Enron's suits bring `Fifth' back in vogue

February 13, 2002|By Jules Witcover

WASHINGTON - If nothing else, former Enron boss Kenneth Lay and a number of his associates in the latest stock market scandal have dusted off and brought back an old expression that to many Americans has become the functional equivalent of "I'm guilty."

That would be, of course, "taking the Fifth," as in the Fifth Amendment to the Constitution, which holds in part that no person "shall be compelled in any criminal case to be a witness against himself."

Not since the days of the colorful communist-hunting and congressional hearings of the late 1940s and 1950s and the crime and labor racketeering investigations of the 1950s has refusing to testify on grounds of the Fifth Amendment been so in vogue.

Enron bigwigs who until only months ago were perceived as shining examples of the American enterprise system are joining the fraternity of old mobsters and forgotten political lefties who won infamy by invoking their legal protection against getting the goods on themselves.

There is, however, a major and ironic difference between the Enron corporate geniuses of today and the alleged crooks, communists and fellow-travelers of half a century ago or more. While many citizens of that time castigated witnesses for "hiding behind the Fifth," a significant number of others defended them as upholders of civil liberties guaranteed by the Constitution. You don't hear that being said today of Mr. Lay and his associates.

The reason is that the hearings of the old House Un-American Activities Committee (HUAC) and the Red-hunting committee headed by the infamous Sen. Joseph R. McCarthy of Wisconsin were perceived by many as witch hunts. Many witnesses invoked the Fifth Amendment not only to protect themselves from possible criminal prosecution, but also to avoid having to finger friends and colleagues.

While the bulk of citizen observers may have accepted that "taking the Fifth" was, as McCarthy insisted, an admission of guilt, many others at the time saw a decency in its use by witnesses who believed their friends and colleagues were innocent of any wrongdoing.

Also, the notion of being interrogated about one's political beliefs, let alone sent to jail for declining to answer, was abhorrent to many, and won some public support for those who refused.

McCarthy and other communist-chasers came to label anyone who used his constitutional protection against self-incrimination as a "Fifth Amendment communist." We haven't reached the stage yet where the alleged Enron culprits are being called "Fifth Amendment capitalists," but it's probably fair to suggest that those who have used and will be using the legal protection will likewise be assumed to be guilty in doing so. Mr. Lay, in invoking the Fifth, alluded regretfully to this reality.
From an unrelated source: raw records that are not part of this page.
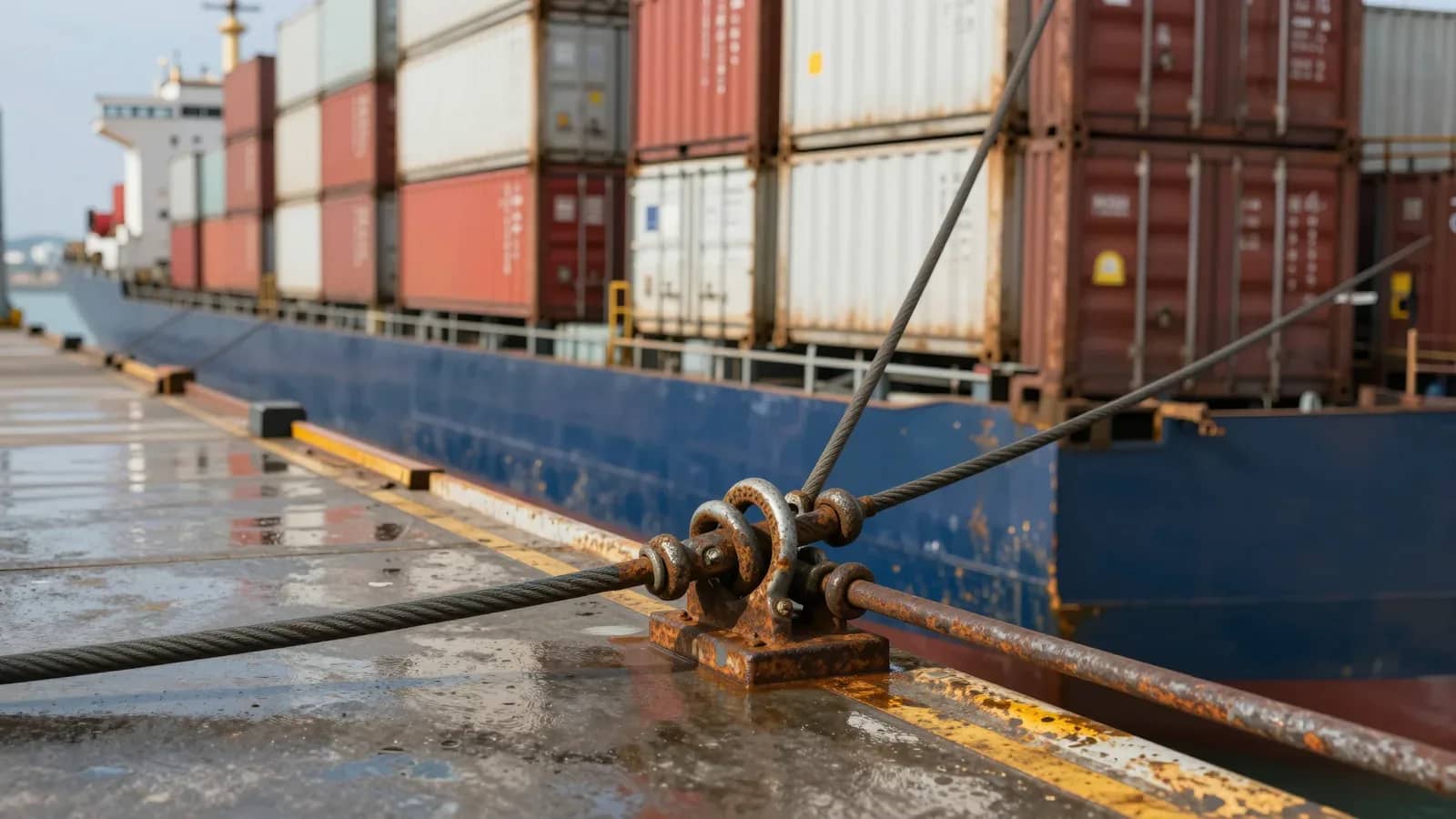 Primer plano de una amarradera oxidada y cables tensos junto a un muelle mojado, con un barco portacontenedores al fondo.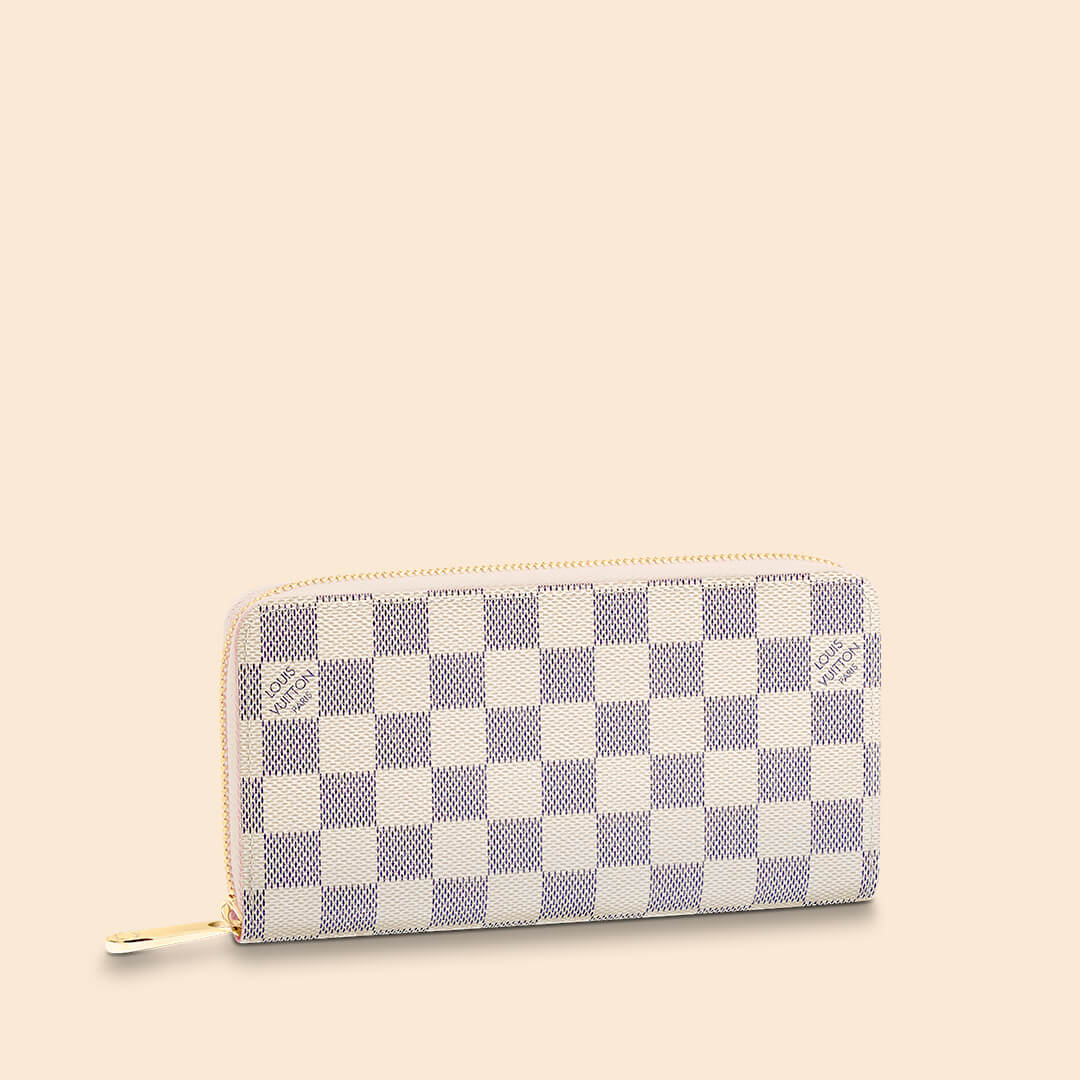 LV - Damier Azur Checkered Zip White Leather Women’s Wallet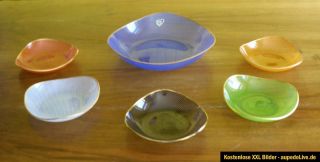 Bowls Set 6 Pieces Colorful Pastel Gold Rim 50s Mid Century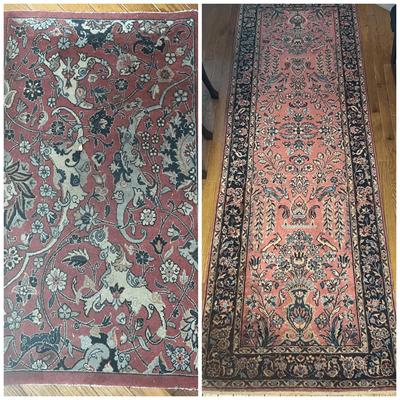 Hand Knotted Wool Rugs: Runner  2’8”x7’12” & Mat 1’7”x2’10”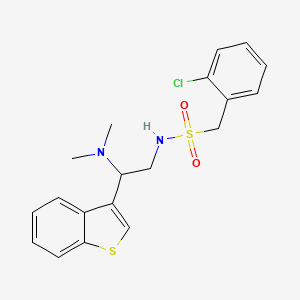 molecular formula C19H21ClN2O2S2 B2628684 N-(2-(benzo[b]thiophen-3-yl)-2-(dimethylamino)ethyl)-1-(2-chlorophenyl)methanesulfonamide CAS No. 2034391-44-9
From a legal point of view, Mr. Lay can't be touched for invoking the Fifth, and a Georgetown law professor I've talked to says that considering what has already come out about the Enron case, if he were Mr. Lay's lawyer he would advise him to do just that. But, he adds, "if I was his clergyman I guess I'd advise him to do the moral thing and testify."

In this light, the decision of former Enron chief executive Jeffrey Skilling to give testimony rather than claiming the Fifth may have seemed more honorable, but it was legally risky. Already, one congressional committee chairman has indicated that Mr. Skilling is flirting with a perjury rap.

The origins of the Fifth Amendment go back to England and hatred of the old Star Chamber proceedings, in which confessions were wrung from subjects accused of unacceptable religious practices and other "crimes." The Founding Fathers wanted to make sure there was none of that here.

In the late 1940s and 1950s, however, the Red-hunting congressional committees themselves were highly controversial and often suspect of sinister and unfair methods. Today, there isn't any quarrel about Congress investigating what happened at Enron, at least not yet.

That could change, though, if what is now talked about as a corporate scandal becomes a political one, with Democrats using the hearings to lay it at the White House doorstep. Congressional hearings, now as then, often have a way of turning into partisan brawls.

Jules Witcover writes from The Sun's Washington bureau.